Pictures with short captions:
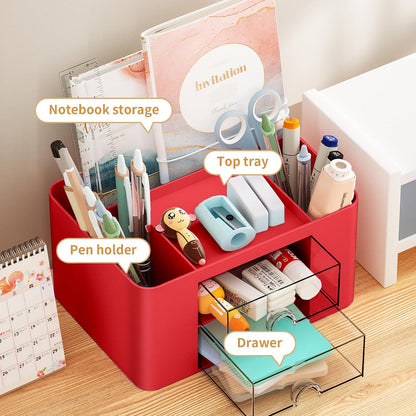 Pen Organizer with 2 Drawer, Multi-Functional Pencil Holder for Desk, Desk Organizers and Accessories with 5 Compartments + Drawer for Office Art Supplies (White)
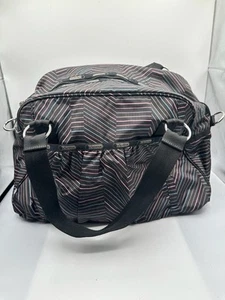 Lesportsac Abbey Carry On Multicolor Striped Nylon Black Trim Shoulder Tote Bag - Picture 1 of 8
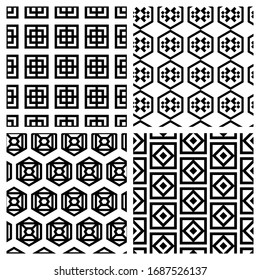 Set of 4 seamless patterns with geometric design elements. Black and white ornaments. Monochrome vector backgrounds, textures with optical illusion effects.	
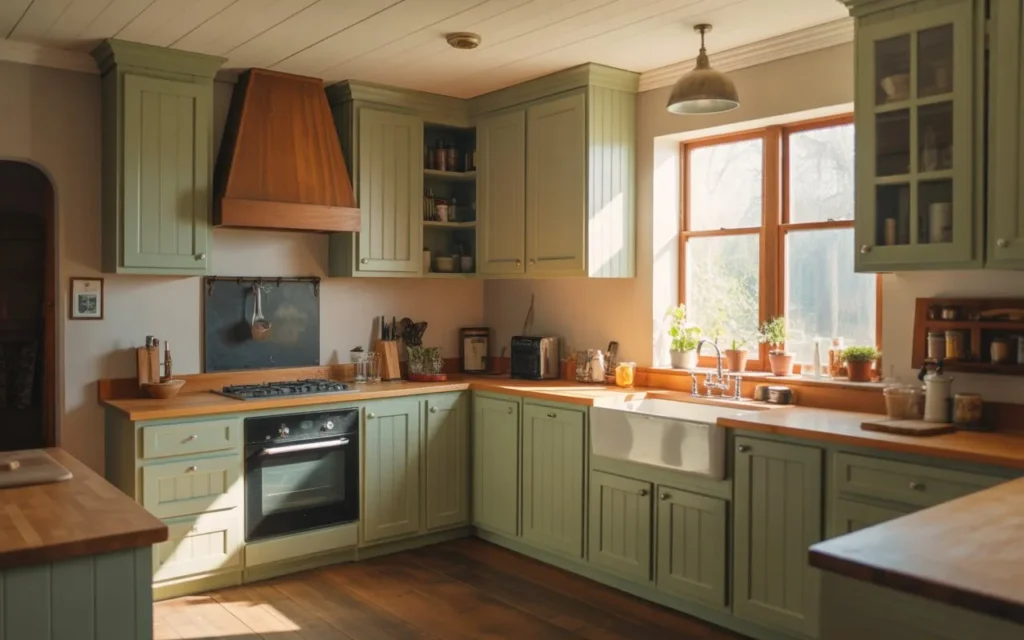 sage green farmhouse kitchen cabinets with butcher block countertops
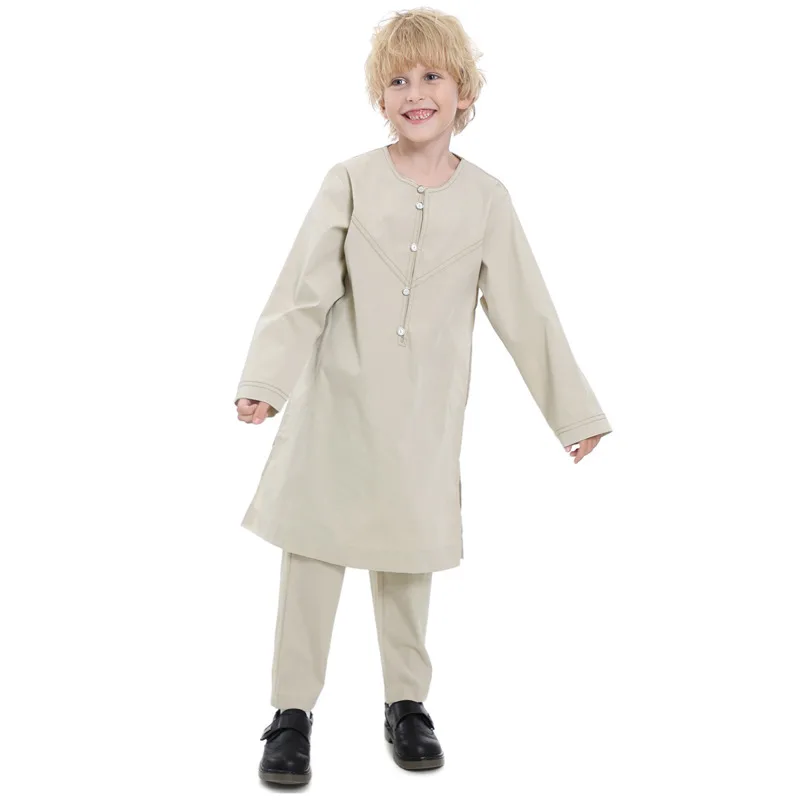 Terno muçulmano para crianças, robe infantil, menino, o pescoço, manga comprida, camisa de cor lisa, kaftan abaya, juba thobe, roupa islâmica, conjunto de 2 peças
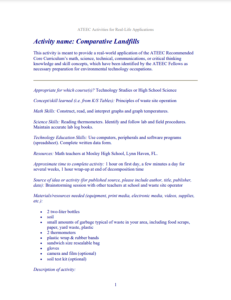Screenshot for Comparative Landfills Activity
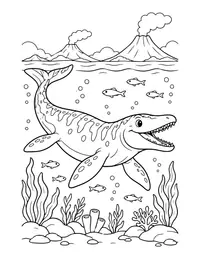 Mosasaurus in the Sea coloring page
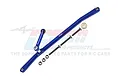 GPM Racing blue anodized aluminium steering linkage set for RC cars, featuring metal rods, screws, and nuts against a branded background.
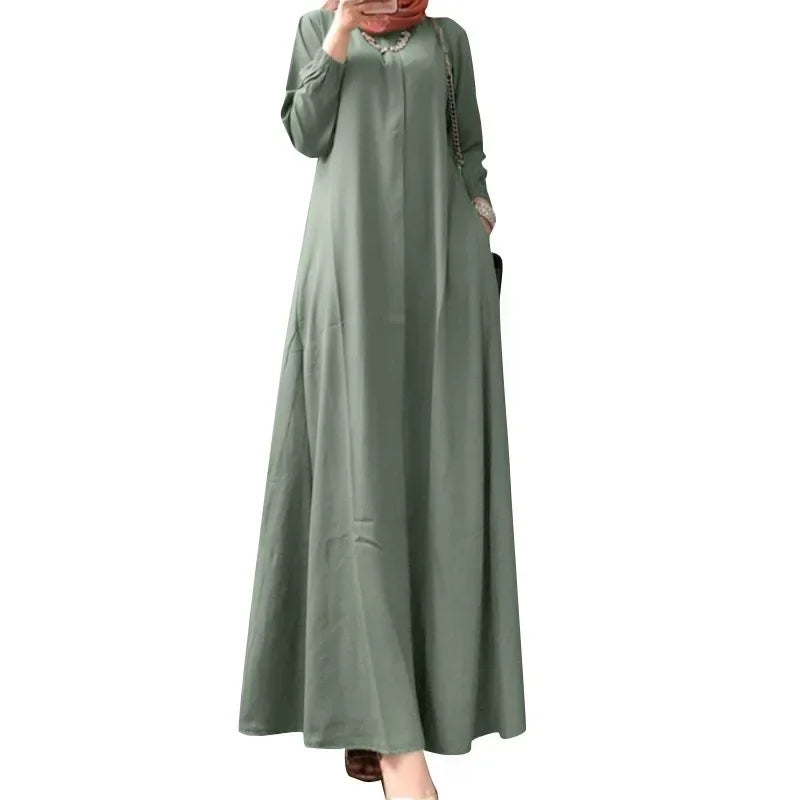 Loose Casual Cotton Linen Abaya Dress - Price MVR485/- Delivery 12-20 days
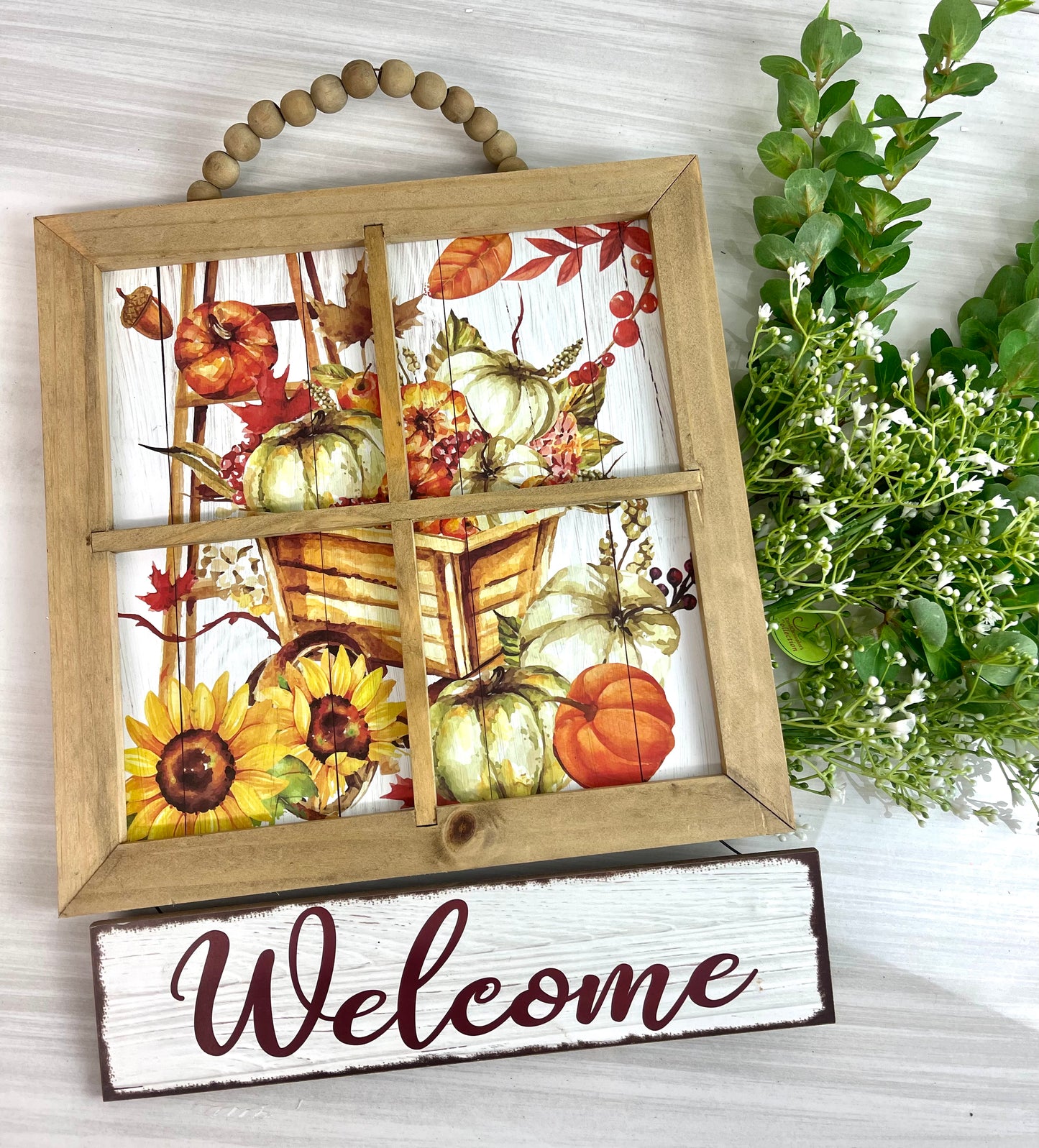 Wood Welcome  Thankful And Blessed Sign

- _Problem to solve_
Every entry above has to be repeated exactly, apart from its pictures.

- _Task solution_
 Pen Organizer with 2 Drawer, Multi-Functional Pencil Holder for Desk, Desk Organizers and Accessories with 5 Compartments + Drawer for Office Art Supplies (White)
 Lesportsac Abbey Carry On Multicolor Striped Nylon Black Trim Shoulder Tote Bag - Picture 1 of 8
 Set of 4 seamless patterns with geometric design elements. Black and white ornaments. Monochrome vector backgrounds, textures with optical illusion effects.	
 sage green farmhouse kitchen cabinets with butcher block countertops
 Terno muçulmano para crianças, robe infantil, menino, o pescoço, manga comprida, camisa de cor lisa, kaftan abaya, juba thobe, roupa islâmica, conjunto de 2 peças
Screenshot for Comparative Landfills Activity
 Mosasaurus in the Sea coloring page
 GPM Racing blue anodized aluminium steering linkage set for RC cars, featuring metal rods, screws, and nuts against a branded background.
 Loose Casual Cotton Linen Abaya Dress - Price MVR485/- Delivery 12-20 days
 Wood Welcome  Thankful And Blessed Sign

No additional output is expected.